Dataset excerpts:

----

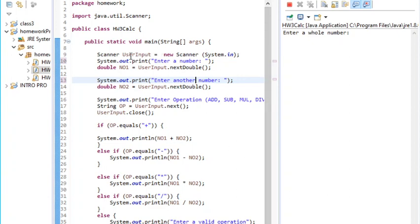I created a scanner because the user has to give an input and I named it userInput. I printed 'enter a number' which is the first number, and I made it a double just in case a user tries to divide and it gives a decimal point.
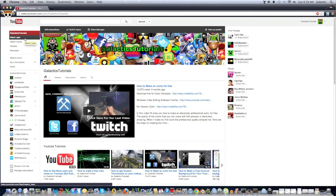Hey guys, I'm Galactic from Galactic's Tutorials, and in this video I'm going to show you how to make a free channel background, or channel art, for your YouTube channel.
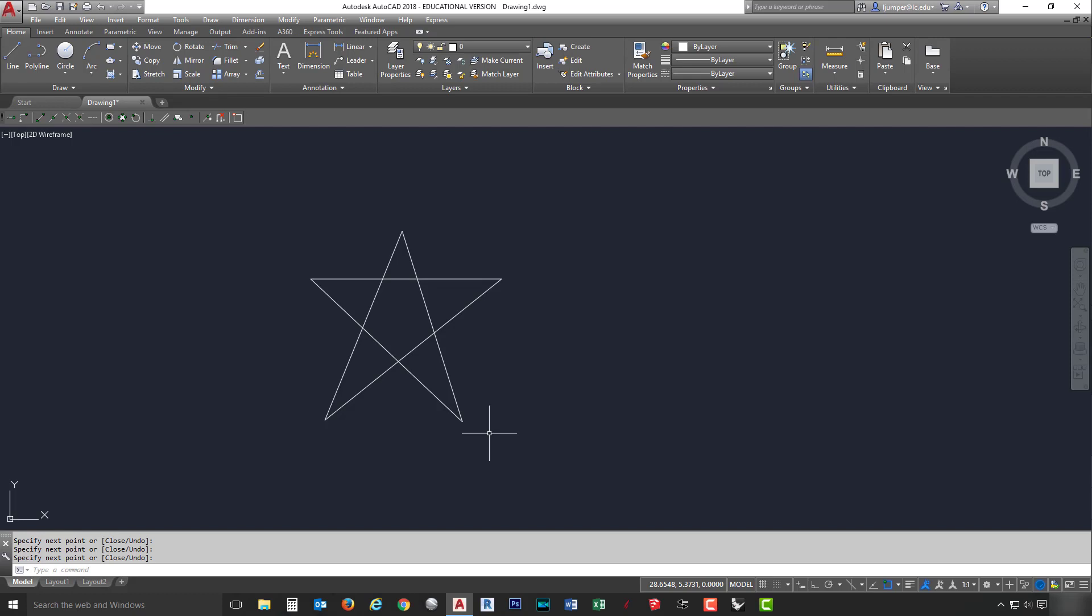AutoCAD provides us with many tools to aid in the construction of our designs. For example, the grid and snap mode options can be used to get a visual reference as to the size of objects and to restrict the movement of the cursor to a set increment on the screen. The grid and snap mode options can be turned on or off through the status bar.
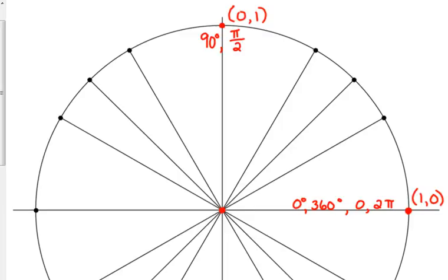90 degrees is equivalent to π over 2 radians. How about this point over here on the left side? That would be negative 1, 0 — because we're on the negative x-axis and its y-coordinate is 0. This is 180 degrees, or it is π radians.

----

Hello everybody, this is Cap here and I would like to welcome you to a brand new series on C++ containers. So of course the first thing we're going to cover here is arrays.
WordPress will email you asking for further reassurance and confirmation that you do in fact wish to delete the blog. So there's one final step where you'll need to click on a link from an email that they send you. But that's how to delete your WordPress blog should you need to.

----

Your goal:
Exercise for the records above: copy only the lines from the one with "I created a" to the one with "90 degrees is", both ends kept, and drop the pictures.

Written solution:
I created a scanner because the user has to give an input and I named it userInput. I printed 'enter a number' which is the first number, and I made it a double just in case a user tries to divide and it gives a decimal point.
Hey guys, I'm Galactic from Galactic's Tutorials, and in this video I'm going to show you how to make a free channel background, or channel art, for your YouTube channel.
AutoCAD provides us with many tools to aid in the construction of our designs. For example, the grid and snap mode options can be used to get a visual reference as to the size of objects and to restrict the movement of the cursor to a set increment on the screen. The grid and snap mode options can be turned on or off through the status bar.
90 degrees is equivalent to π over 2 radians. How about this point over here on the left side? That would be negative 1, 0 — because we're on the negative x-axis and its y-coordinate is 0. This is 180 degrees, or it is π radians.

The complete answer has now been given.